You can also manage the lifetime yourself:

```python
sbx = await sb.on_device.session(backend="userns").open()
try:
    proc = await sbx.run("uname -a", stdout=True)
    out, _ = await proc.communicate_text()
finally:
    await sbx.close()
```

> [!NOTE] Remote sessions open lazily
> For a remote `SandboxSession`, `async with sbx` (or `await sbx`) waits for the pod to become addressable, but the transport health-check is deferred to the first `run()` / `put_bytes` / `get_bytes` call. Your own setup work overlaps with pod startup. See [Deployment](https://www.union.ai/docs/v2/union/user-guide/sandboxing/interactive-sandboxes/running-commands/deployment) for the detached-lifetime pattern.

## `run()`

`run()` executes one command in the sandbox and returns a `SandboxProcess`, a subprocess-like handle you drain for output:

```python
proc = await sbx.run(
    "python -c 'import os; print(os.uname())'",
    stdout=True,                                    # PIPE | INHERIT | DEVNULL | False
    stderr=True,
    env={"FOO": "bar"},
    cwd="/tmp",                                     # under the sandbox work dir
    script_type="shell",                            # "shell" | "python"
    network_mode="allowlist",                       # "blocked" | "open" | "allowlist"
    network_allowlist=["pypi.org", "*.pythonhosted.org"],
    timeout_s=30,
)
```

| Argument | Type | Meaning |
|---|---|---|
| `cmd` | `str` | The command (shell) or script (`script_type="python"`) to run. |
| `stdout`, `stderr` | `True` / `False` / `PIPE` / `INHERIT` / `DEVNULL` | How to handle each stream. `True` captures (pipe); `False` discards.

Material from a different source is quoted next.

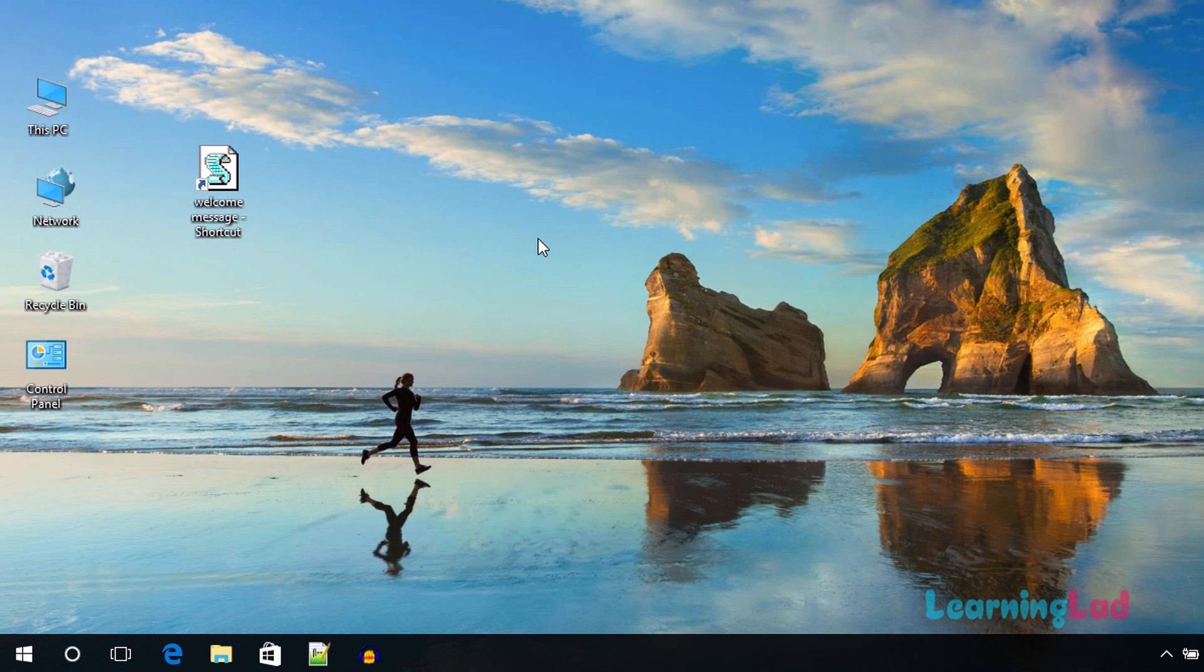Now we're going to close this window. Now we have this file with the code which is going to play the message that we have specified. The last thing that we need to do is make our computer play this message when we log in, and to do that we need to place this file in the Windows startup.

Constants are exported as `sb.PIPE`, `sb.INHERIT`, `sb.DEVNULL`. |
| `env` | `dict[str, str]` | Extra environment variables for the process. |
| `cwd` | `str` | Working directory, resolved under the sandbox work dir. |
| `script_type` | `"shell"` / `"python"` | Interpret `cmd` as a shell command or a Python script. |
| `network_mode` | `"blocked"` / `"open"` / `"allowlist"` | Network posture for this call. See [Networking](https://www.union.ai/docs/v2/union/user-guide/sandboxing/interactive-sandboxes/running-commands/networking). |
| `network_allowlist` | `list[str]` | CIDRs or DNS patterns, used only with `network_mode="allowlist"`. |
| `timeout_s` | `float` | Kill the process after this many seconds. |

> [!NOTE] `network_denylist` is set on the session, not per `run()`
> `run()` takes `network_mode` and `network_allowlist` per call, but not `network_denylist`. The deny-list is a session-level policy; pass it to `sb.on_device.session(...)` / `sb.session(...)`. See [Networking](https://www.union.ai/docs/v2/union/user-guide/sandboxing/interactive-sandboxes/running-commands/networking).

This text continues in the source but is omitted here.